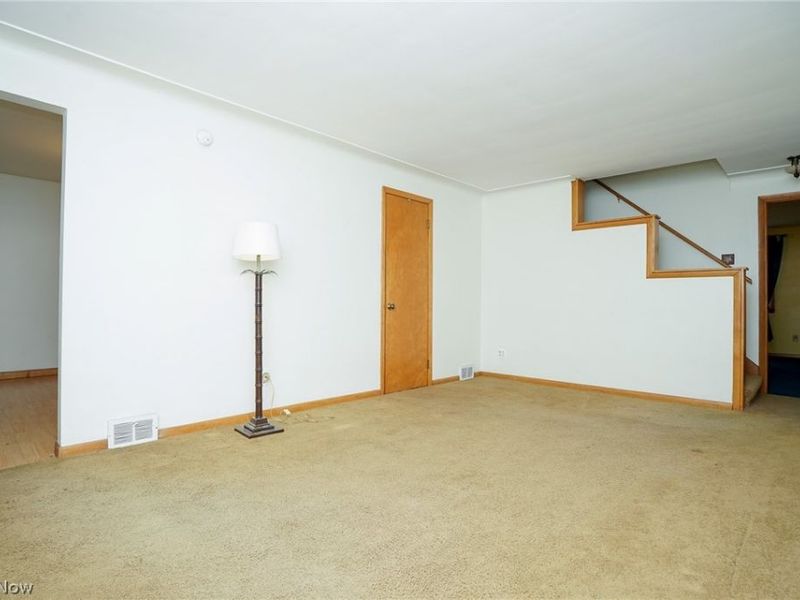 5581 E Calla Road E, New Middletown, OH 44442 Photo 9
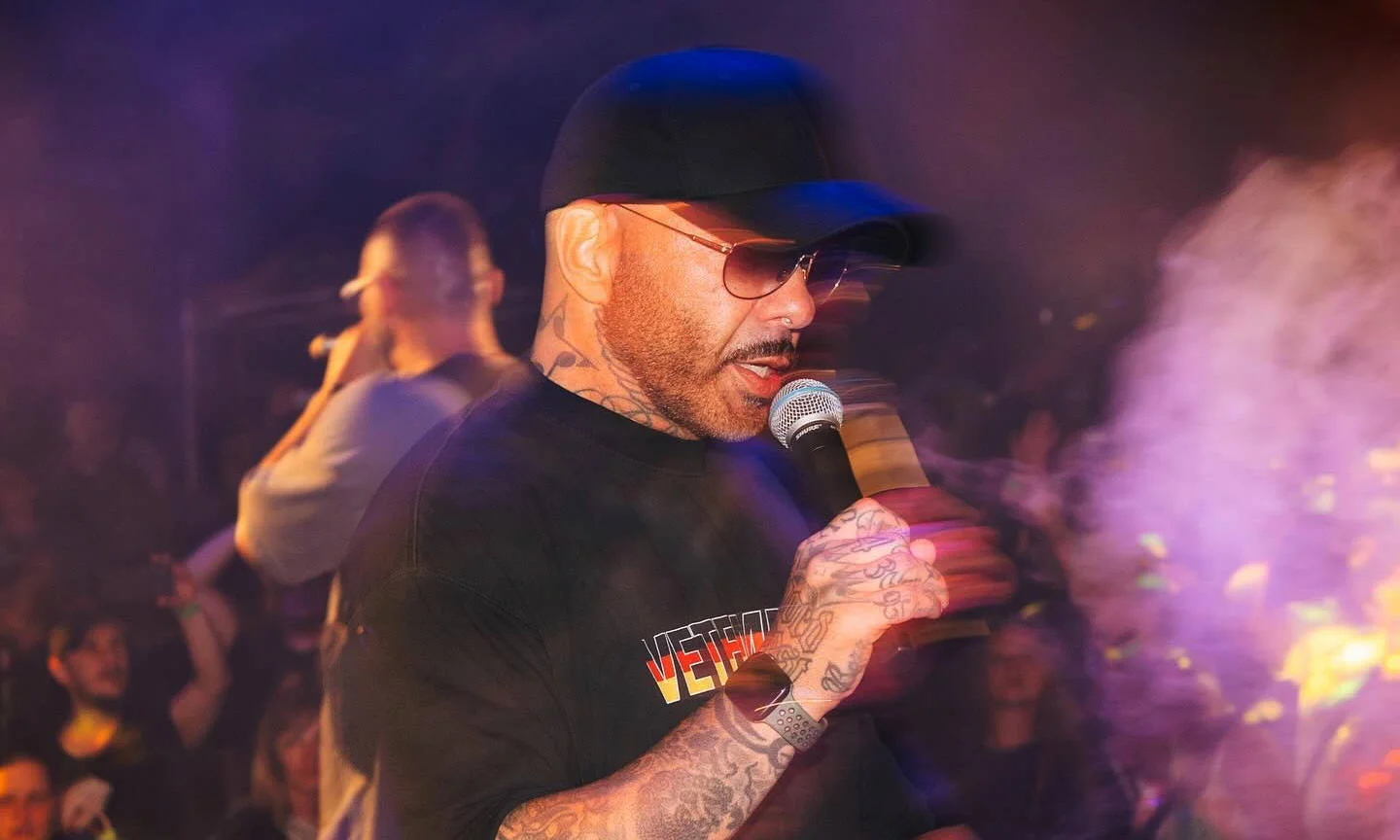 Azad der BOZZ live auf der Bühne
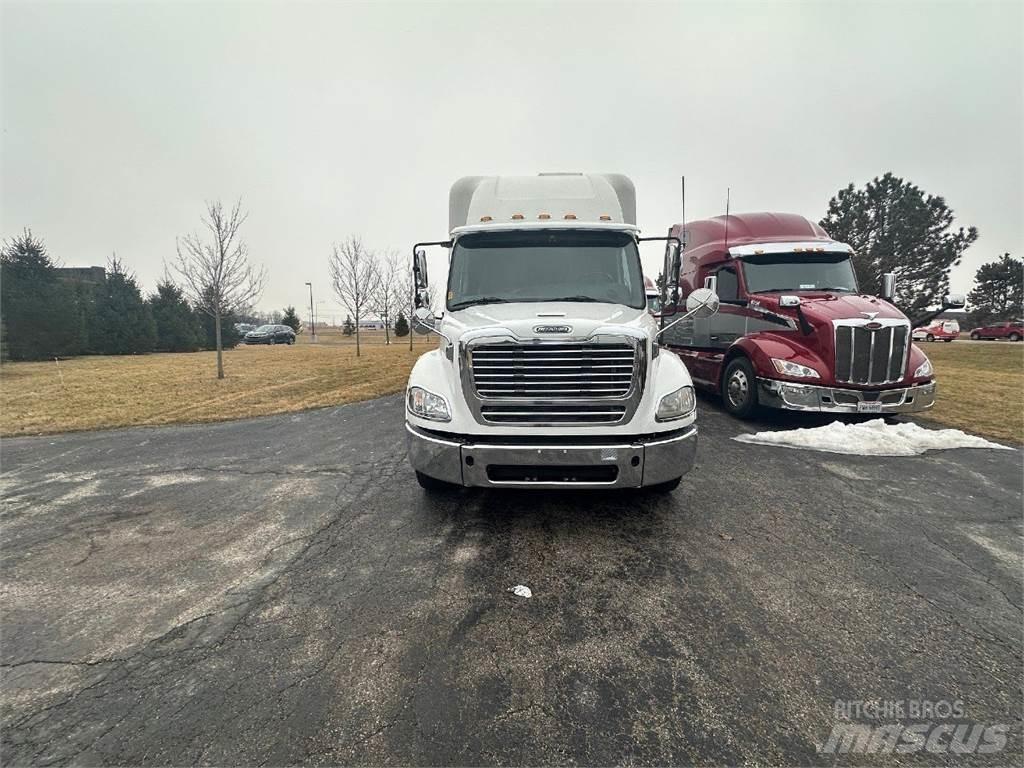 Freightliner M2 Sanduk kamioni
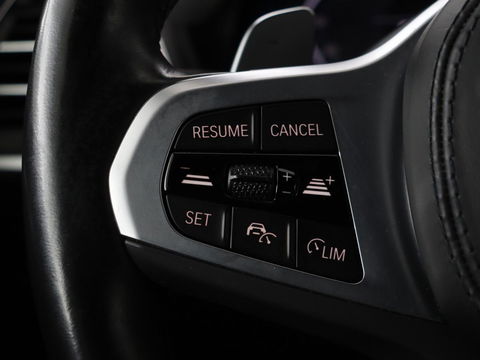BMW X3 xDrive30e M-Sport | Leder | Adaptive cruise | Stoel & stuurverwarming | Carplay | Camera | Sportstoelen | Live Cockpit | Full LED | Navigatie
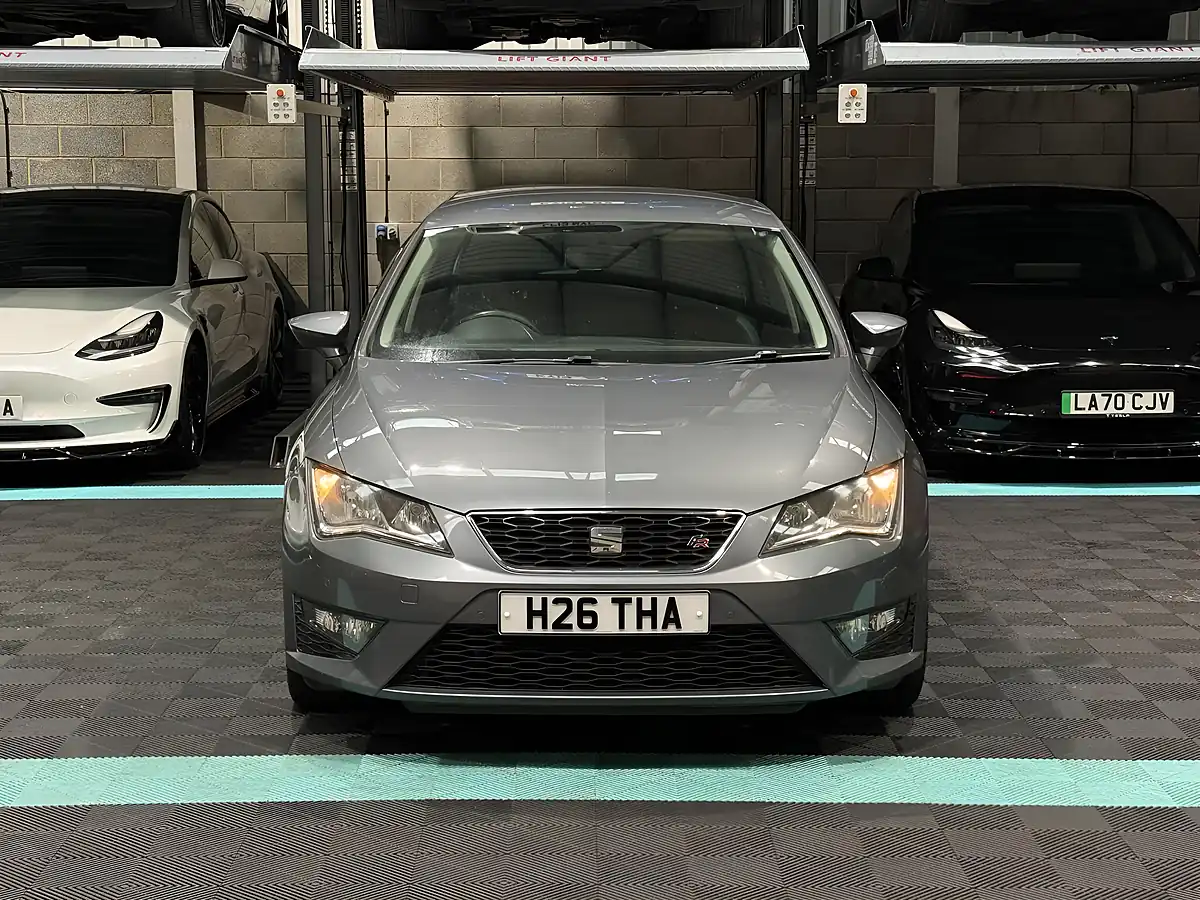 Used 2014 SEAT Leon Fr Grey - Interior and Exterior details 2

____

Work task -> Return the whole listing word for word, minus its pictures.

Solution ->
 5581 E Calla Road E, New Middletown, OH 44442 Photo 9
 Azad der BOZZ live auf der Bühne
 Freightliner M2 Sanduk kamioni
BMW X3 xDrive30e M-Sport | Leder | Adaptive cruise | Stoel & stuurverwarming | Carplay | Camera | Sportstoelen | Live Cockpit | Full LED | Navigatie
 Used 2014 SEAT Leon Fr Grey - Interior and Exterior details 2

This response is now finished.